A article was recently released by Bloomberg news discussing the market share of various cloud providers, and their methods and rankings need to be re-examined.
Year after year, the various media outlets release their report on the cloud: who does this or that, security breaches here and there (and who is/is not to blame), and the quasi-regular report of cloud services market share. And every year, there is some controversy as to who has the largest share of what. It is pretty obvious—based on whatever metric that one may use—that AWS is the market share leader in overall cloud services consumption. Great for them: it has democratized the cloud and cloud technologies, bringing an affordable, basic cloud solution to everyone. Second is Microsoft, with their Azure offering. They are doing some interesting things with their cloud solution and continue to gain market share (usually from AWS) with innovation and capabilities.

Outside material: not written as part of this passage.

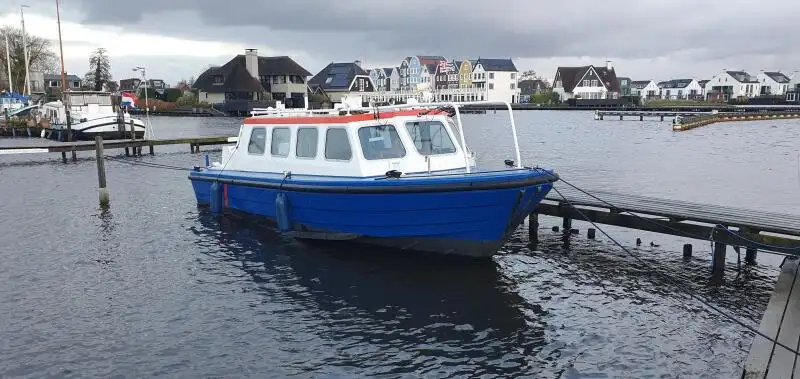 Kapal patroli untuk dijual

Despite what some may want you to believe, the cloud is not a “two offerings only” show. There are plenty of other vendors doing extremely interesting things with their cloud offerings. IBM was recently featured in an article from Bloomberg news discussing their place in the market, and I wanted to offer an alternative to some of the views discussed in that article.
First, the concept of market share based on sales reporting is outdated. Arguably, the way some analysts firms determine market share is based on an antiquated calculation of compute cycles purchased (or something equivalent), while excluding anything that may also contribute to the overall cloud solution. It was likely generated at a time when AWS was nearly the only player in the market, and AWS did not (and still does not) provide significant consulting services or integration services, making the number of compute cycles a relevant measure. Again, there is little doubt that AWS leads this market, but excluding the multitude of other offerings and services that IBM delivers to their cloud customers from the market share figure is wrong and arbitrarily dismisses the value of their cloud offering.

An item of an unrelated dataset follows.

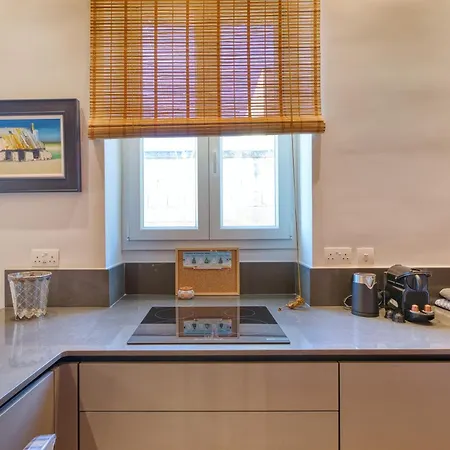 Апартаменты Plush One Bedroom With Sea View Balcony Lmac1-1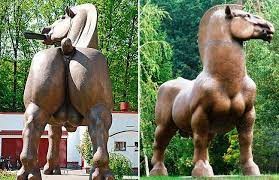 Создать мем: скульптура коня, конь с яйцами воронеж, конь с яйцами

Second, there is even some dispute over the numbers included within the article. At the beginning of the article, the author claims that Google reported $9 billion in sales, while IBM reported $21 billion. But (much) later in the article, the author claims that only about half (I’ll use $10 billion for round numbers) of IBM reported that cloud income comes from cloud sales, while Google’s $9 billion in revenues also include their other, non-core cloud offerings (such as Gmail and Google Docs). So no matter how you parse the math, it appears that the traditional IBM cloud offering DOES outpace Google (IBM’s $10 billion > Google’s $9 billion), something that should have been mentioned right at the very beginning of the article.

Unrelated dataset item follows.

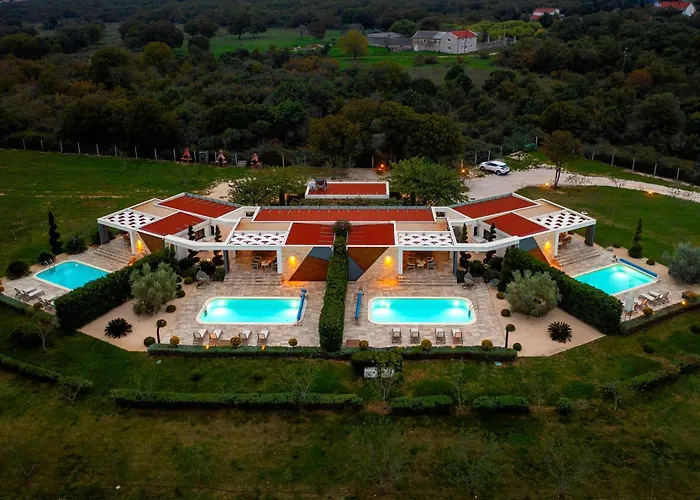 Royal One Villa Nin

Lastly, and likely the most important, is the IBM cloud offering itself. While I’m not trying to become part of the marketing team at Big Blue, their cloud solution vastly differs from Amazon, Microsoft, and Google. While AWS, Azure, and GCP provide cloud to the masses via point-and-click setup and deployment, they also have devised a barebones solution that allows pretty much anyone from any vertical of any size to get up and running on their cloud. The end configuration and compliance and everything else after the initial setup is the purview of the client or their third-party support. While this model may work for some, IBM has taken the complete cloud solution: scoping, setup, implementation, migration, and maintenance. If the customer needs additional services related to their cloud, IBM is the full-stack solution that provides those services. Highly regulated environments (such as healthcare, financial services, etc.) have turned to IBM specifically because of this level of service and support.
The analyst community is often asked about “who is best” and “how does this impact our business.” Personally, I have advocated for the security benefits of ALL cloud solutions for years, as the cloud solutions provide better, more comprehensive security than most on-premises environments could ever hope to provide. It is also why it is important to understand that all of the cloud providers mentioned here give outstanding value to their customers. But I also believe that we need to compare apples to apples when looking at some of the claims in the market, and to revise our models to reflect how companies are actually consuming cloud services. The conclusions found in the Bloomberg article about IBM’s share of the cloud market are misleading, and readers would do well to get a perspective of the whole picture when making their cloud provider decisions.